As far as I understand CUDA, a way to do this, is to use both an 3d cudaArray allocated using cudaMalloc3DArray tohether with a pointer array allocated with cudaMalloc3D.
In my iterative step, I then read my values from the cudaArray as a texture, write the values to the pointer array, and finally I do a device to device copy of the written content to the cudaArray.

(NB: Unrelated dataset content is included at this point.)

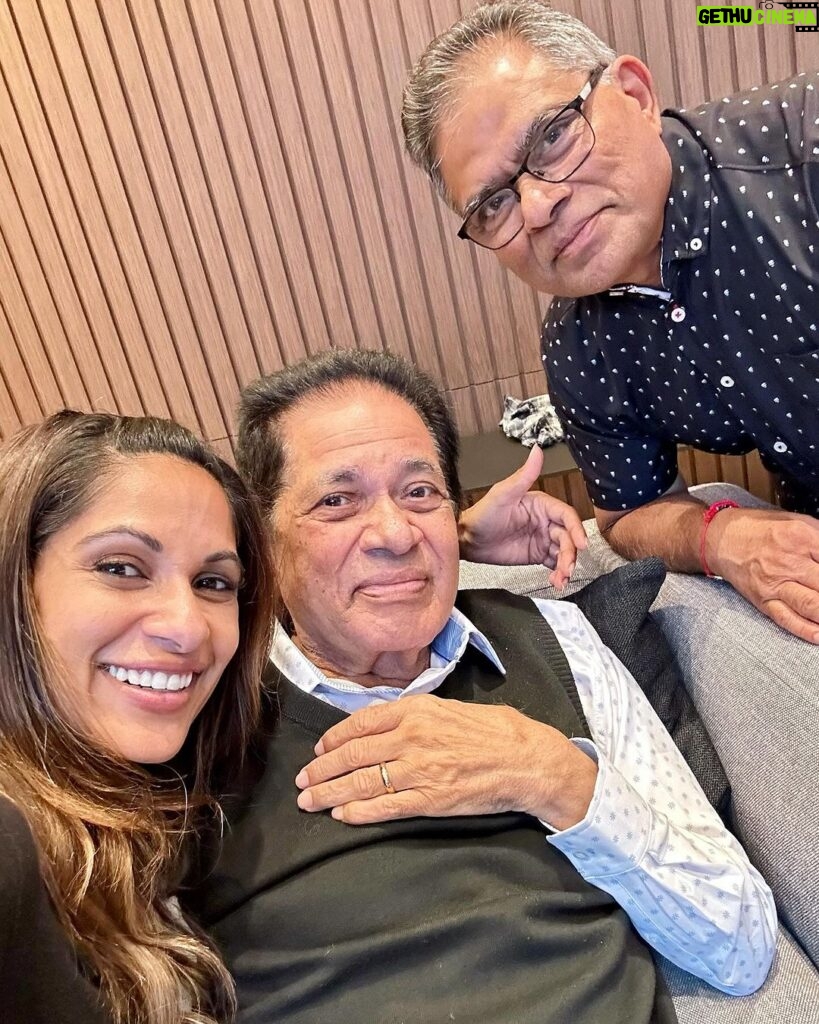 Sangita Patel Instagram - Family time ❤️ Exactly what I needed…good food, silly banter and yo, we got your back. And it was extra special since my dad got to see one of his little bro’s from England, it’s been years. Pretty awesome to see the reminiscing. Dad is still the Rajesh Khanna of the family! What is about just hanging in the kitchen makes it so good for the soul ❤️ Thanks to my bro-in-law in the last pic looking to the camera, the rest are like ‘it ain’t happening’ 😂 Lots of love everyone 🥰 Happy Thanksgiving #Familytime #makingFunOfMyZit 😂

My problem is that it seems a bit odd how the arrays are allocated and how data is copied between them. I represent a 64x64x64 grid of float 4 values like this:
cudaArray *darray = NULL;
const cudaExtent volumeSize = make_cudaExtent(64, 64, 64);
cudaChannelFormatDesc desc = cudaCreateChannelDesc<float4>();
cudaMalloc3DArray(&darray, &desc, volumeSize);
cudaPitchedPtr dPtr;
cudaMalloc3D(&dPtr, volumeSize);
cudaMemset3D(dPtr, 0, volumeSize);
// Make a device to device copy
cudaMemcpy3DParms copyParams = {0};
copyParams.srcPtr = dPtr;
copyParams.dstArray = darray;
copyParams.extent = volumeSize;
copyParams.kind = cudaMemcpyDeviceToDevice;
cudaMemcpy3D(©Params);
This last copy fails. I geuss it is because the sizes of the arryas do not match.
The cudaArray is allocated with inforamtion about the float4 size, the other one is not. Should I use another volumeSize for the pointer array, like this maybe?
const cudaExtent volumeSize = make_cudaExtent(sizeof(float4)*64, 64, 64);
And finaly, I dont understand the pitch of the cudaPitchedPtr of a 3D array. How am I supposed to use it for correct indexing?